It was a new courtyard look at the Palazzo Versace. The disco floor runway was alight in pulsing yellow. The trees had been adorned with white hydrangea, each large bloom individually attached. Expectations were running high for something new from the queen of cling.

The first section delivered just that. Well, it was sexy, it was brief (as in micro) and the mood was predatory – everything you want from Donatella Versace – but it was a new way of delivering all that lace. Lace panels on loose silk dresses. Lace cut outs on long tough-shouldered jackets. Lace that ran down legs of jeans or exposed thighs on hot pants. In between all this came mini skirts and tunics, strategically laced to reveal slices of skin. It was all topped with voluminous hair and toed with aggressively sharp, strappy boots of a dominatrix nature.

The strict colour blocking was affective: first black and camel, then pale blue as she introduced the tie-dye prints and as we moved from the tailoring into those fluid dresses with high hems and loose tunic sleeves, clasped at the waist with metal studded (rodeo?) belts, the colour heated up – a spectrum of yellow through orange to pink with the occasional Medusa head, the Versace logo, rippling over silk.

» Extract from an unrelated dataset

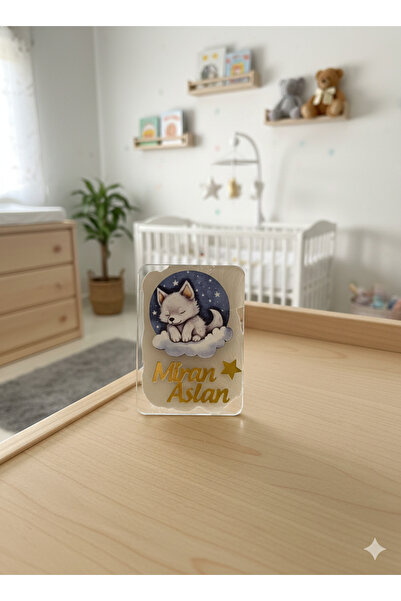 NaturessCo مغناطيس أطفال مستطيل الشكل من البليكسي مع شكل ذئب (10 قطع)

She then reprised those colours and prints for the gowns – fluid, swirling, plunging and floor sweeping – and again waisted them with belts. Belts dripping long silver fringes. In fact it was the ‘beltage’ that provided the wattage.

Backstage, Donatella, dressed a black power trouser suit, said that she wanted to show both sides of a woman, ‘the tough side with the jackets, the vulnerable with the dresses’, before greeting the manager of Inter Milan and one of his football stars and his girlfriend who, naturally, looked fabulous in her Versace.